In November 1974, during his famous months-long Lost Weekend estrangement from Yoko Ono, John Lennon famously did a lot of drinking at the Troubadour in West Hollywood with Harry Nilsson. On one occasion, they were thrown out for loudly urging the Smothers Bros., on stage at the time, to fuck a cow. On another, a drunken Lennon, having zanily affixed a sanitary napkin to his forehead, asked a waitress who was clearly not enjoying serving him if she knew who he was. “Yes,” she is said to have said, “an asshole with a Kotex on his head.”

Nearly 36 years after the fact, FAITP is able to disclose that the quick-witted waitress, Jacqueline (Jacqui) Ginsberg, now a successful chiropodist in Marin County, California, didn’t actually say that at all. “What I said,” she recalls, “was, ‘Yeah, an asshole.’ I did know who he was — I’d been a huge Beatles nut, though more of a George person — but was too intimidated for long-windedness.”

She wonders if the Kotex addendum was the work of the same unseen press agent responsible for Lennon’s own famous quote from Foyle’s Literary Luncheon in 1964. Following the publication of In His Own Write, a collection of his Thurberish cartoons and pun-filled prose, the then-Beatle was feted by London’s most prestigious bookseller. After lunch, he was supposed to get up and address the assembled literati. He stumbled up to the dais, mumbled, “Uh, thank you all very much. God bless you,” and returned to his seat. In the papers, though, he was reported to have cheekily advised his audience, “You have a lucky face,” as English beggars used to do when someone dropped a coin in their cups.

Months after the incident, attorney Gloria Allred, who’d heard about the incident in Rolling Stone, managed to deduce from interviews with members of the Troubadour staff that it had been Ginsberg who’d let fly the celebrated Kotex quip. She urged her to allow him to file suit against the former Beatle, alleging that he’d caused her emotional distress, “but it just didn’t seem right at the time. If one of us suffered emotional distress, it was John, who obviously wasn’t used to being spoken to as I’d spoken to him, and who was visibly bummed until he sneaked out of the club maybe 15 minutes later after leaving me a $20 tip.”

It was only 15 months later, after discovering she was pregnant by one (or another!) of the club’s bartenders, that Ginsberg reconsidered. She was crestfallen to learn, though, that a statute of limitations precluded her suing for emotional distress more than one year after the precipitant incident.

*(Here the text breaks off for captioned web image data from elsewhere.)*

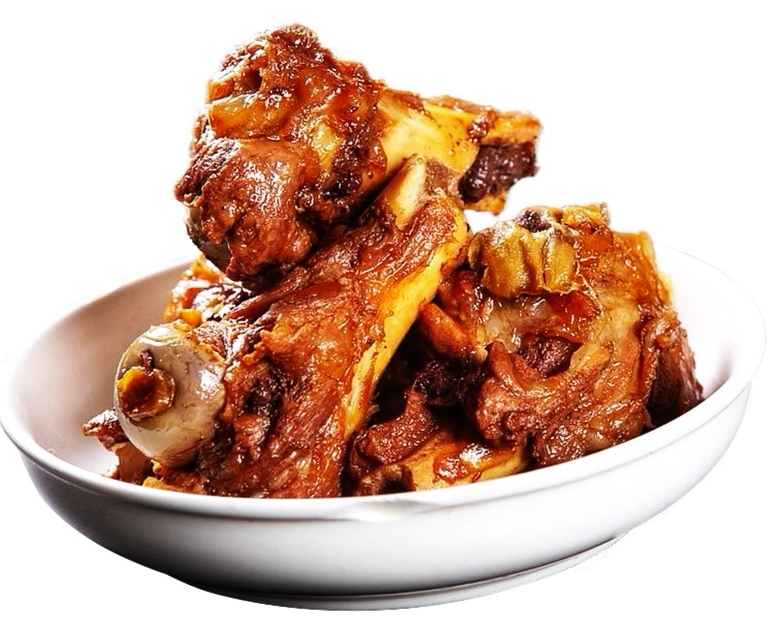 "38元酱大骨"随便吃?有人说骨头是国外的"病骨头",是真的吗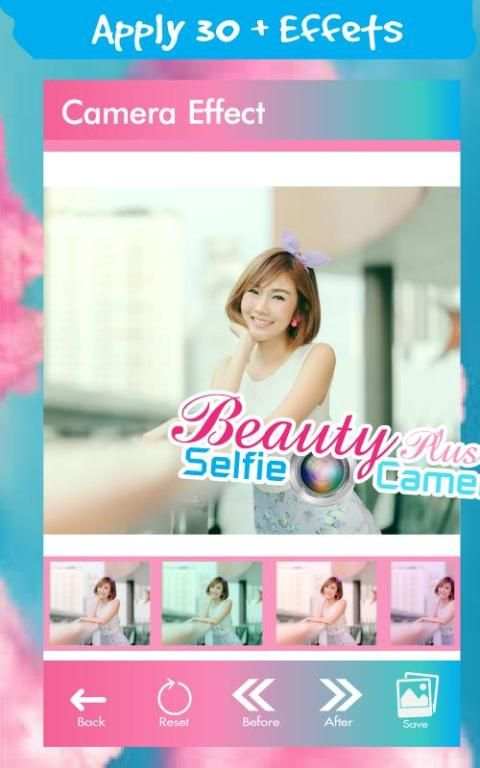 Beauty Plus Selfie Camera screenshot 3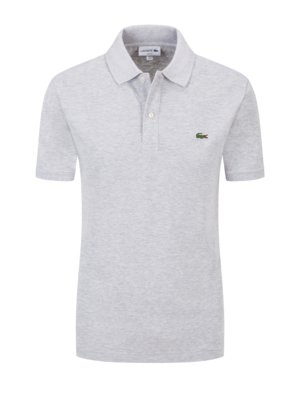 Piqué-Poloshirt PH4012 Slim Fit, mit Krokodil-Aufnäher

She had her daughter, Pisces, out of wedlock, was disowned by her mortified Jewish parents, and fought alcoholism while trying to establish herself as an astrologist to the country rock stars.

Eventually, she realized, as all rational people ultimately must, that astrology is sheerest poppycock, and got herself a job in the human resources department of a company that manufactured what were called floppy disks even though many of them — the smaller ones — were actually quite rigid. She was wooed by and wed the company’s warehouseman, who’d been more of a Paul person, and from whom she kept her participation in the famous Lennon/Kotex incident secret for years. “I was surprised,” she admits, “by how, well, arousing he found the whole thing when I did finally tell him; our sex life took a real upswing there for about a month.”

Following their divorce, Ginsberg studied chiropody first by mail and then on line before becoming a licensed chiropodist in mid-1993. “Ever since the Troubadour days, when I was on my own for hours at a stretch, I’ve been fascinated by feet.

“Without them, what would we stand on?”